Major Upgrade for 19-Year-Old Martian Water-Spotter


Mars Express Spacecraft

Artist’s impression of Mars Express. The background is based on an actual image of Mars taken by the spacecraft’s high resolution stereo camera. Credit: Spacecraft image: ESA/ATG medialab; Mars: ESA/DLR/FU Berlin, CC BY-SA 3.0 IGO

The MARSIS instrument on the European Space Agency’s discovery of signs of liquid water on the Red Planet, is receiving a major software upgrade that will allow it to see beneath the surfaces of Mars and its moon Phobos in more detail than ever before.

Mars Express was ESA’s first mission to the Red Planet. Launched 19 years ago, on June 2, 2003, the orbiter has spent almost two decades studying Earth’s neighbor and revolutionizing our understanding of the history, present, and future of Mars.

MARSIS – Water on the Red Planet

The Mars Advanced Radar for Subsurface and Ionospheric Sounding (MARSIS) instrument on Mars Express was crucial in the search for and discovery of signs of liquid water on Mars, including a suspected 20-by-30 km (12-by-19 mile) lake of salty water buried under 1.5 km (0.9 miles) of ice in the southern polar region.

Operated by the Istituto Nazionale di Astrofisica (INAF), Italy, and fully funded by the Italian Space Agency (ASI), MARSIS sends low-frequency radio waves down towards the planet using its 40-meter-long (131-foot-long) antenna.

Water Under Martian Surface

Artist’s impression of water under the Martian surface. Credit: Illustration by Medialab, ESA 2001

Most of these waves are reflected from the planet’s surface, but significant amounts travel through the crust and are reflected at boundaries between layers of different materials below the surface, including ice, soil, rock, and water.

By examining the reflected signals, scientists can map the structure below the surface of the Red Planet to a depth of a few kilometers and study properties such as the thickness and composition of its polar ice caps and the properties of volcanic and sedimentary rock layers.

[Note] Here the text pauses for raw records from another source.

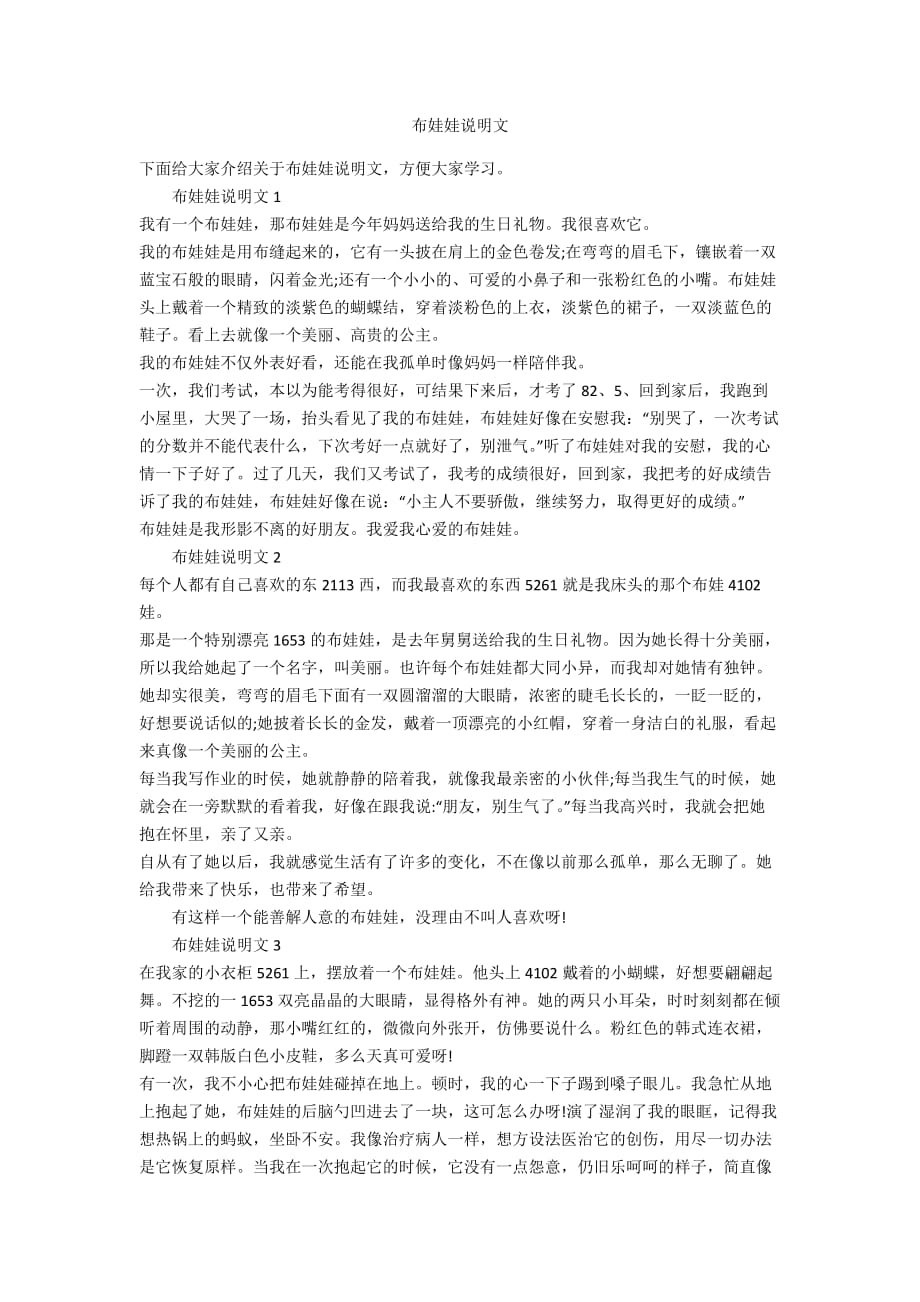 布娃娃说明文_第1页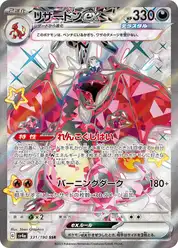 リザードンex (Чаризард)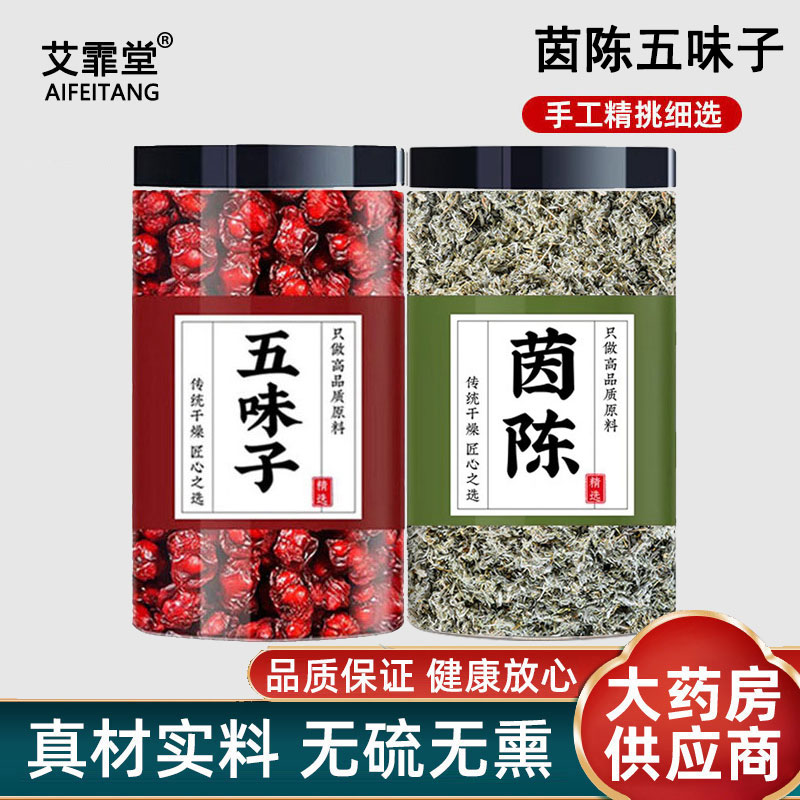 茵陈五味子茶中药材正品无硫无熏新鲜干货非野生泡水煮水喝的功效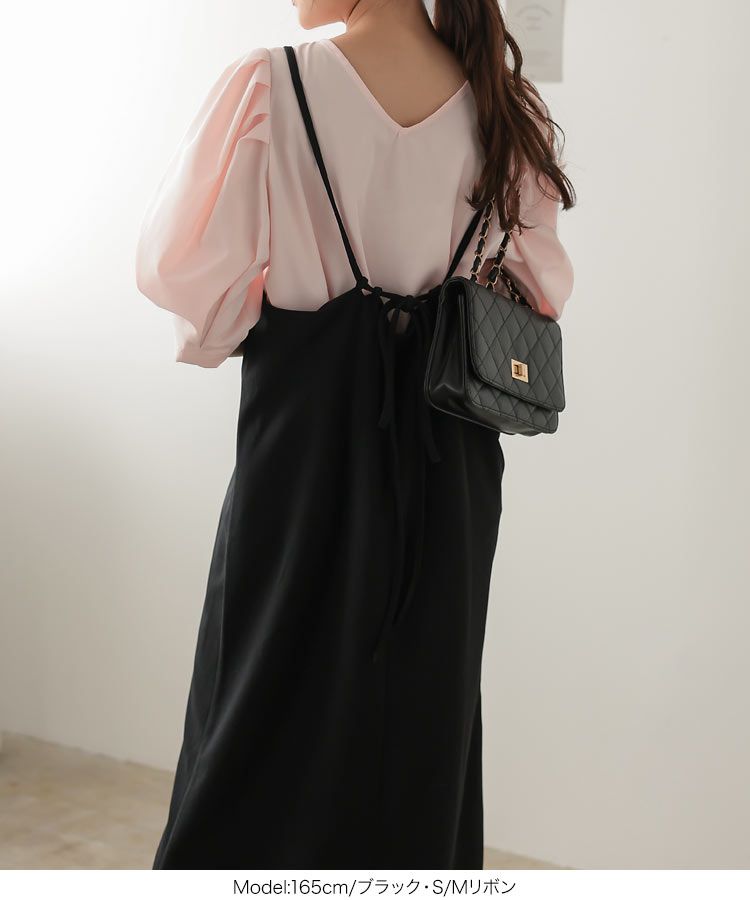 日本 Kobe Lettuce - [店員推薦] 百搭V領日系吊帶裙-酒紅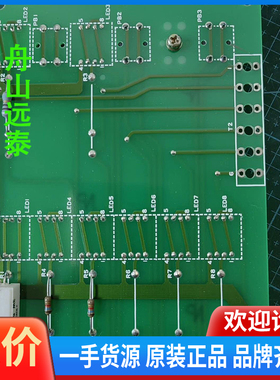 议价/TAIY0,AA-195A SIC-DISPLAY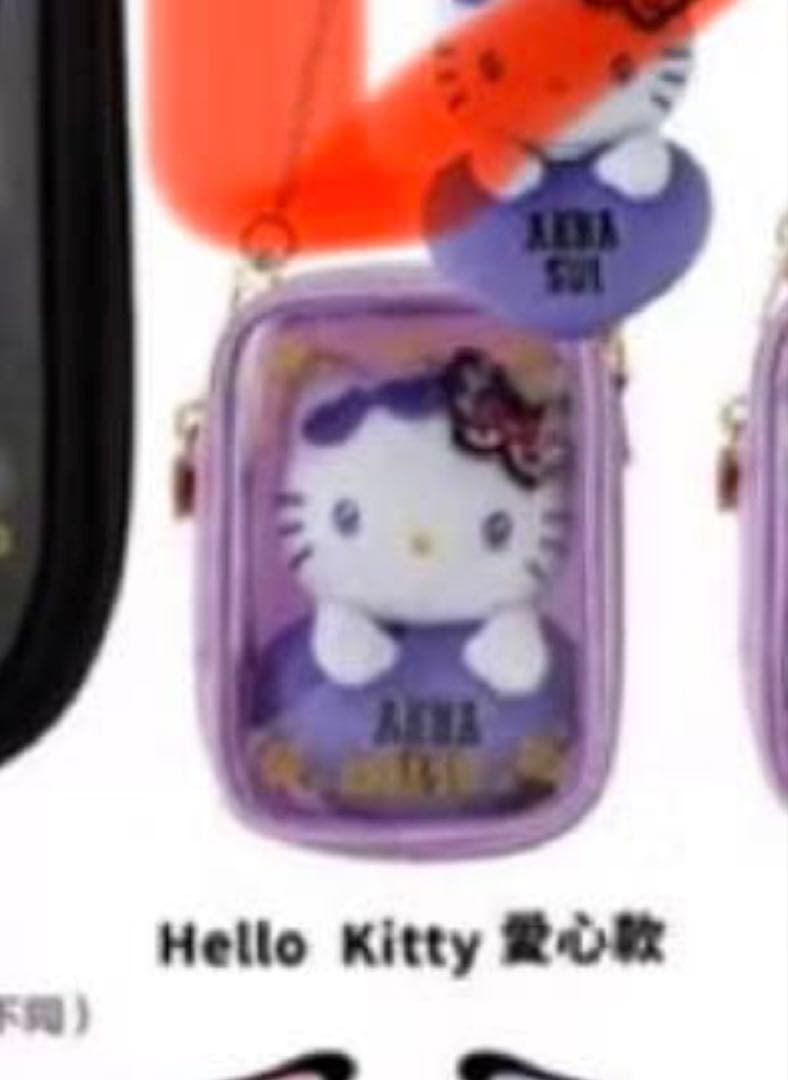 台湾セブン限定 ANNA SUI × サンリオ ハローキティぬいぐるみポーチ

From Windows 98 to Mars 2022

“After decades of fruitful science and having gained a good understanding of Mars, we wanted to push the instrument’s performance beyond some of the limitations required back when the mission began,” says Andrea Cicchetti, MARSIS Deputy PI and Operation Manager at INAF, who led the development of the upgrade.

MARSIS Software Upgrade

The MARSIS radar instrument on ESA’s Mars Express spacecraft is used to detect features such as water beneath the surface of Mars. It recently received a software upgrade that substantially improves its scientific performance.
In this graphic, you can see the region on the surface of Mars studied using MARSIS during one pass over the region of Lunae Planum.
The software upgrade reduces the rate at which the instrument’s onboard data storage fills up, allowing it to be switched on for much longer at a time and gather data on a much larger region with each pass.